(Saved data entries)
::::::::

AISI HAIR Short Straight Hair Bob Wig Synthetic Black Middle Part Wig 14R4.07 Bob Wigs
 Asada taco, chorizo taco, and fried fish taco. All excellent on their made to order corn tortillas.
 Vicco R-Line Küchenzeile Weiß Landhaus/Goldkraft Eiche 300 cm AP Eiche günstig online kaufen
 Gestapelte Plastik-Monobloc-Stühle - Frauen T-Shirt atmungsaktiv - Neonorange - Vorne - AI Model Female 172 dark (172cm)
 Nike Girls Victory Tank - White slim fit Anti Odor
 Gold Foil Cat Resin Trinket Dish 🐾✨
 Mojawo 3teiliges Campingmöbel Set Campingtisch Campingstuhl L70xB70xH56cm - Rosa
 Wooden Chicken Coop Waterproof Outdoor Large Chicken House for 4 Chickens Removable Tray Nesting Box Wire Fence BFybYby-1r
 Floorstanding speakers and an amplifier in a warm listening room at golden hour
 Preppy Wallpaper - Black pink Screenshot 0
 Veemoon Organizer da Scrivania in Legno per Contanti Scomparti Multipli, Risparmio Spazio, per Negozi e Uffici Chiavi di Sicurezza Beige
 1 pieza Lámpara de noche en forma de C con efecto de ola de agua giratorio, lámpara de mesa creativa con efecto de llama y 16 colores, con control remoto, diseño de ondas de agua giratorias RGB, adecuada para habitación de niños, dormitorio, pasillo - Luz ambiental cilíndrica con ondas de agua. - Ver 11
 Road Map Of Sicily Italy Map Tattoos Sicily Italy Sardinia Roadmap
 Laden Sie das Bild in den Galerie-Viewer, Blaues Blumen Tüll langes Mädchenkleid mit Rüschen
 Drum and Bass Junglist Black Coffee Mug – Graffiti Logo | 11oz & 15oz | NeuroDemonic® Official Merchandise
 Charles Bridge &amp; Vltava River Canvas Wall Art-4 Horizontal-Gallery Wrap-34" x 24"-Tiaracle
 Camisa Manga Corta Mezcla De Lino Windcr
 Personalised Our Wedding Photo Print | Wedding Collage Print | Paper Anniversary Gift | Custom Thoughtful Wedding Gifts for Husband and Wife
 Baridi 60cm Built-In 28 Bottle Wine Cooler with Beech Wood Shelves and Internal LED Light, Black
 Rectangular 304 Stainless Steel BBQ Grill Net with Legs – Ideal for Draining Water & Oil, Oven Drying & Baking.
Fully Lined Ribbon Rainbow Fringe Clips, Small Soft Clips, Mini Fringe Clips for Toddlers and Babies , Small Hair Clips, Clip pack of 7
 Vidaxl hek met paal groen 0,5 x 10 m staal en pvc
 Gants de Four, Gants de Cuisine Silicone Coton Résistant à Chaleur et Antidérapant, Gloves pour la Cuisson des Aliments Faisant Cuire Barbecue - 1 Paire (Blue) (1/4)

::::::::

# [WHAT IS REQUIRED]
Which lines in the records above include the word "Hair"? Copy them out.

# [PROBLEM SOLUTION]
AISI HAIR Short Straight Hair Bob Wig Synthetic Black Middle Part Wig 14R4.07 Bob Wigs
Fully Lined Ribbon Rainbow Fringe Clips, Small Soft Clips, Mini Fringe Clips for Toddlers and Babies , Small Hair Clips, Clip pack of 7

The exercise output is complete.